So I’ll take this opportunity to review a short history of the gold market (GLD) for the young and the uninformed.
Since it peaked in the summer of 2011, the barbarous relic was beaten like the proverbial red headed stepchild, dragging silver (SLV) down with it. It faced a perfect storm.
Gold was traditionally sought after as an inflation hedge. But with economic growth weak, wages stagnant, and much work still being outsourced abroad, deflation became rampant.
The biggest buyers of gold in the world, the Indians, have seen their purchasing power drop by half, thanks to the collapse of the rupee against the US dollar. The government increased taxes on gold in order to staunch precious capital outflows.
You could also blame China for declining interest in the yellow metal since it is now in its fifth year of falling economic growth.
Chart gold against the Shanghai index, and the similarity is striking, until negative interest rates became widespread in 2016.
The brief bid gold caught in 2015 over war fears in Syria, the Ukraine, and then Iraq was worth an impressive $160 rise.
That is when the diplomats got involved and hostilities were at least delayed, causing gold to roll over like the Bismarck.
In the meantime, gold supply/demand balance was changing dramatically.
While no one was looking, the average price of gold production soared from $5 in 1920 to $1,300 today. Over the last 100 years, the price of producing gold has risen four times faster than the underlying metal.
It’s almost as if the gold mining industry is the only one in the world which sees real inflation, since costs soared at a 15% annual rate for the past five years.

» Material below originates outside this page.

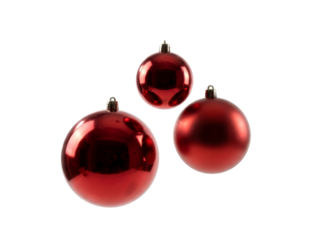 Three red Christmas ornaments floating on a white background for festive holiday décor. isolated on transparent background, png	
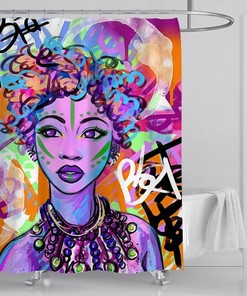 African Woman Cute Decor Shower Curtain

This is a function of what I call “peak gold.” They’re not making it anymore. Miners are increasingly being driven to higher risk, more expensive parts of the world to find the stuff.
You know those tires on heavy dump trucks? They now cost $200,000 each, and buyers face a three-year waiting list to buy one.
Barrick Gold (ABX) didn’t try to mine gold at 15,000 feet in the Andes, where freezing water is a major problem, because they like the fresh air.
What this means is that when the spot price of gold fell below the cost of production, miners simply shut down their most marginal facilities, drying up supply.
No one is going to want to supply the sparkly stuff at a loss. That should prevent gold from falling dramatically.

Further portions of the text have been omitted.